Runahead

Runahead is a technique that allows a computer processor to speculatively pre-process instructions during cache miss cycles. The pre-processed instructions are used to generate instruction and data stream prefetches by executing instructions leading to cache misses (typically called long latency loads) before they would normally occur, effectively hiding memory latency. In runahead, the processor uses the idle execution resources to calculate instruction and data stream addresses using the available information that is independent of a cache miss. Once the processor has resolved the initial cache miss, all runahead results are discarded, and the processor resumes execution as normal. The primary use case of the technique is to mitigate the effects of the memory wall.

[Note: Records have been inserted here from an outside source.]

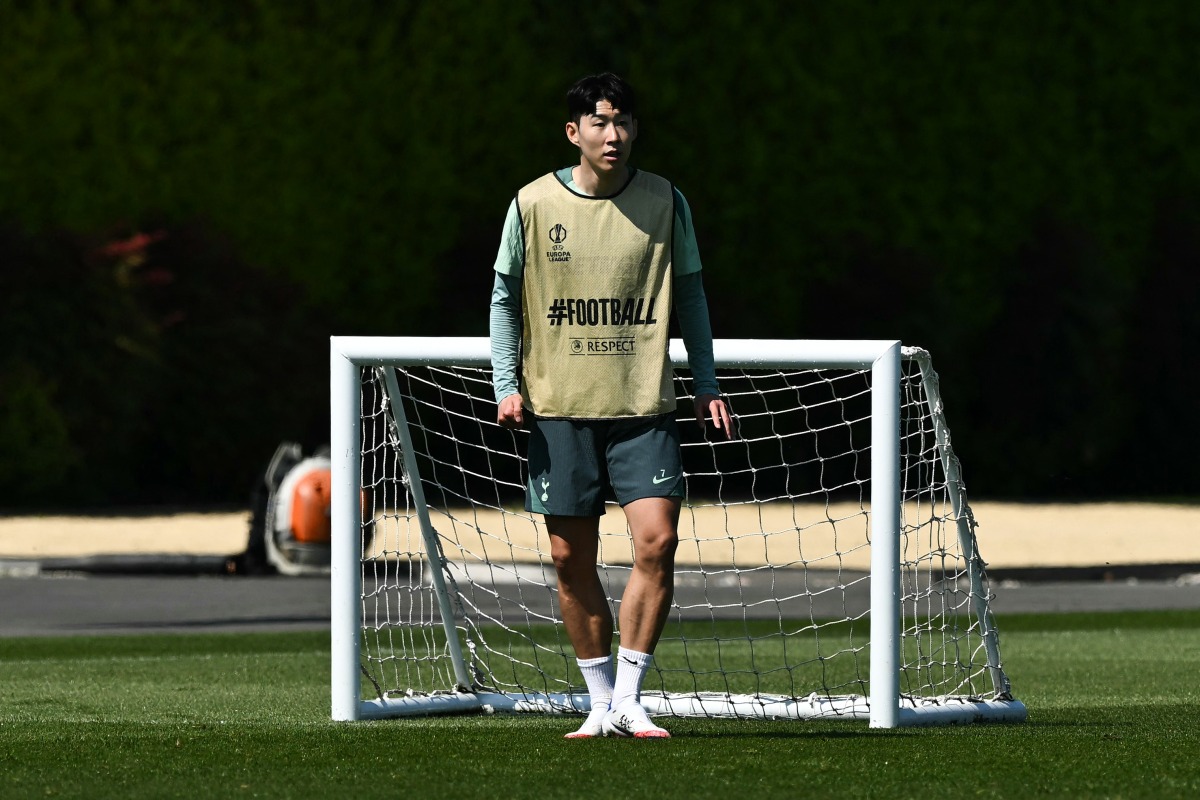 Tottenham Hotspur's South Korean striker #07 Son Heung-Min takes part in a training session at at the Tottenham Hotspur Training Ground, in Enfield, north London, on May 12, 2025 during a media day ahead of their UEFA Europa League final against Manchester United. (Photo by Ben STANSALL / AFP)
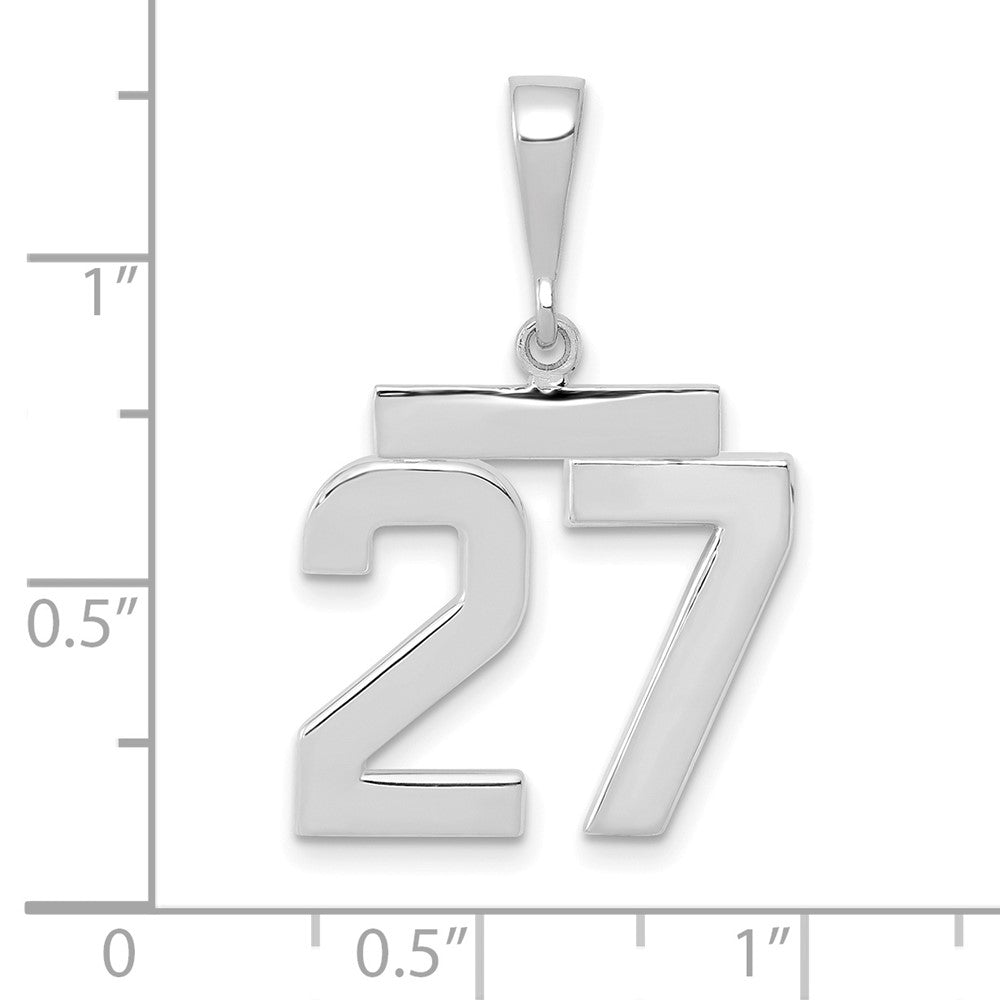 FJC Finejewelers 14 kt White Gold Medium Polished Number 27 Charm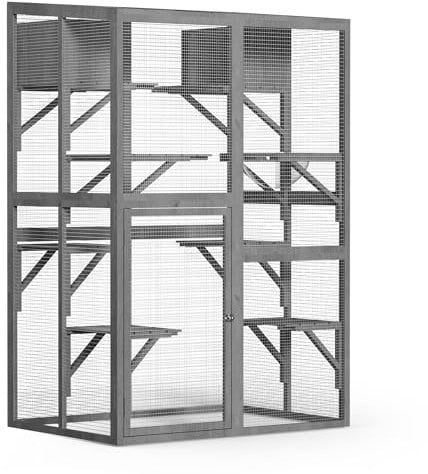 Wiltec Freilaufgehege Katzen 116 x 82 x 175,7 cm, Katzenfreigehege Holz mit PVC-Beschichtung, Außengehege 5 Ebenen, Katzengehege für Garten, Balkon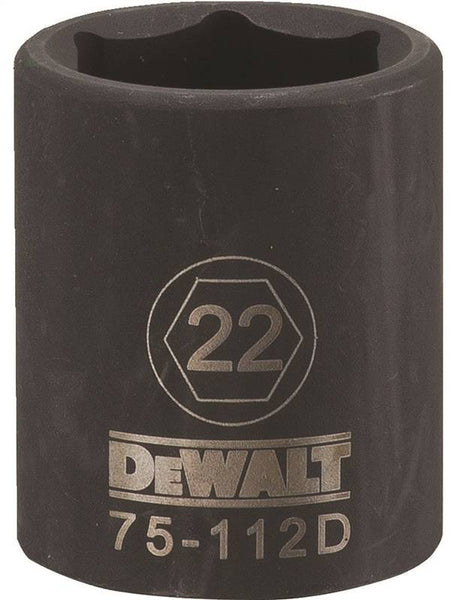 DeWALT DWMT75112OSP Deep Impact Socket, 22 mm Socket, 1/2 in Drive, 6-Point, Steel, Black Oxide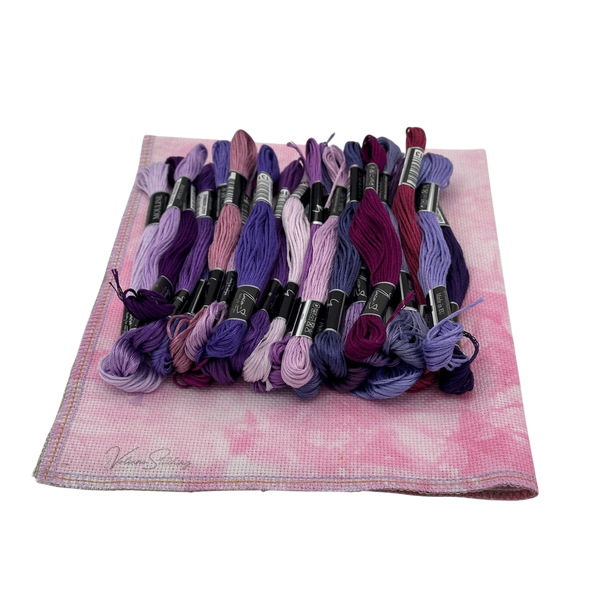 Shades of Purple Embroidery Thread Set by VolcanoStitching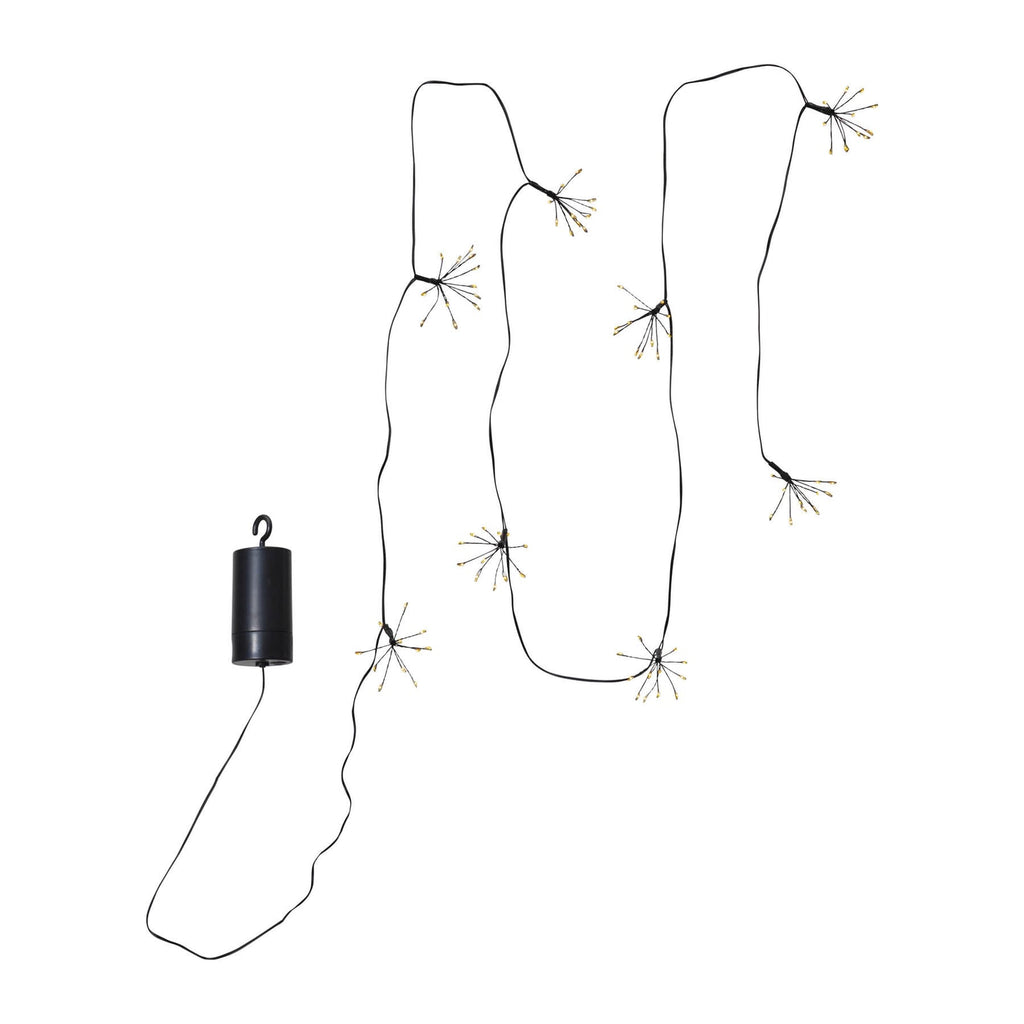 LED-lyslenke Dew Drops Flower batteridrevet IP44 bakside med batteriboks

The technique may also be used for other purposes, such as pre-computing branch outcomes to achieve highly accurate branch prediction.^[1]

The principal hardware cost is a means of checkpointing the register file state. Typically, runahead processors will also contain a small additional cache, which allows runahead store operations to execute without modifying actual memory. Certain implementations also use dedicated hardware acceleration units to execute specific slices of pre-processed instructions.^[2]^[3]

Runahead was initially investigated in the context of an in-order microprocessor;^[4] however, this technique has been extended for use with out-of-order microprocessors.^[5]

Triggering

In principle, any event can trigger runahead, though typically the entry condition is a last level data cache miss that makes it to the head of the re-order buffer.^[5] In a normal out-of-order processor, such long latency load instructions block retirement of all younger instructions until the miss is serviced and the load is retired.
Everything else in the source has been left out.